Глаза моего отца при виде карманных часов расширились вдвое, как будто он увидел привидение из прошлого.
— Прошло много лет…Я думал, что потерял их, — он взял их, словно это был слабый щенок, и даже тогда мой отец не проявил бы такой заботы, как сейчас. — Я конфисковал их у тебя, когда ты был ребенком. Я боялся, что ты их сломаешь.
— Я помню, — это была одна из причин, почему я украл их. Это была самая дорогая вещь для него. Дошло до того, что каждый раз, когда я осмеливался взять их в руки, он давал мне пощечину, и мне приходилось оставаться в подвале, чтобы сдать тесты на сто процентов, иначе я бы не вышел. — Ты сказал, что я никогда их не заслужу.
— Твоя мать подарила мне их тридцать лет назад, чтобы отпраздновать свою беременность.
Я нахмурил брови. Тридцать лет назад. Я тогда ещё не родился.
— Она сказала, что это символизировало грядущие годы счастья, — продолжил рассказ Леон. — У неё был выкидыш. Твой брат, Ахилл, так и не родился. Она никогда не смогла бы смириться с потерей твоего брата — вот почему я сделал всё, что мог, чтобы ты и твой брат не были слабыми. Мы никогда не говорили вам об этом, но эти часы были единственной вещью, которая у нас от него осталась.
Моя челюсть сжалась, и я сжал кулаки.
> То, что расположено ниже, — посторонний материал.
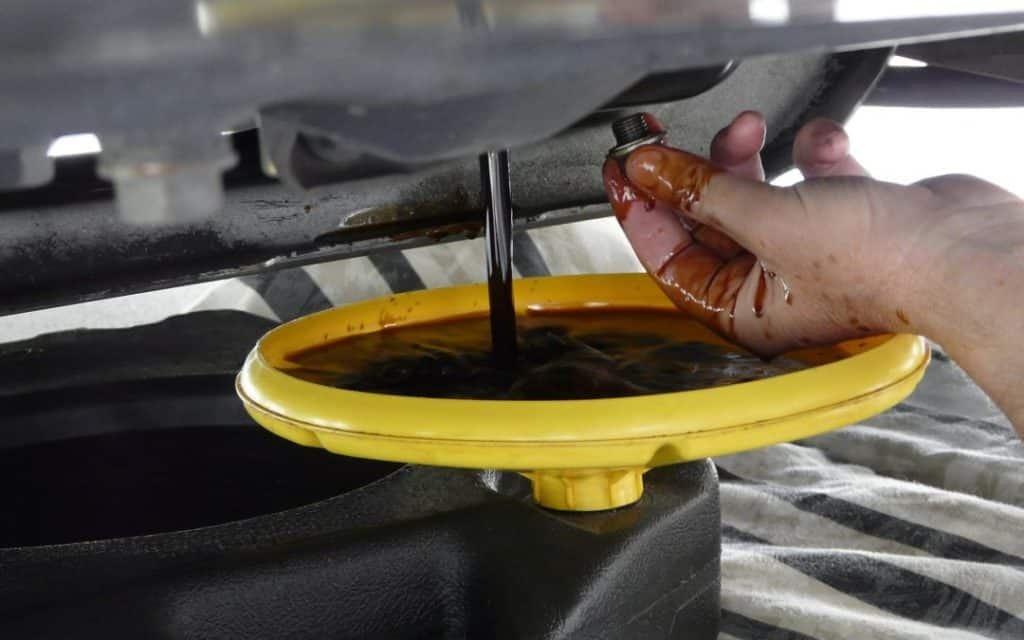 How to replace the oil plug on your car 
У меня был брат. Ещё один. Вот почему у моего отца было суровое сердце. Для человека, посвятившего свою жизнь спасению человеческих жизней, он не смог спасти того, кого когда — то любил.
— Прости, — я развернулся, готовая сделать шаг прочь от прошлого.
— Оставь часы себе, — отец протянул мне карманные часы, всё ещё стоя ко мне спиной. Как только я схватил их, он продолжил. — Некоторое время назад твоя мать оставила для тебя письмо. Оно в твоей старой комнате. Я не открывал его.
Это был мой последний разговор с ним, и я направился за письмом. Спустившись вниз, я вернулся к матери, которая неподвижно стояла лицом к окну с отсутствующим взглядом. Я опустился на колени рядом с ней.
— Мам, я собираюсь показать тебе твою сирень, и мы поговорим, хорошо?
Она слегка повернула голову на звук моего голоса, и когда её взгляд остановился на мне, её глаза выпучились от паники.
— Помогите!
Я отодвинулся от неё в тот момент, когда она закричала, но она продолжала бороться, её взгляд метался по каждому углу, словно ища выход.
— Отпусти меня! Помогите!
Я ничего не ответил, и Арчи с Леоном подтолкнули меня, чтобы я отошел от неё.
— Приходи позже. У неё приступ паники! — взревел Леон, пытаясь успокоить её, но она всё ещё вырывалась, отвешивая ему пощечины.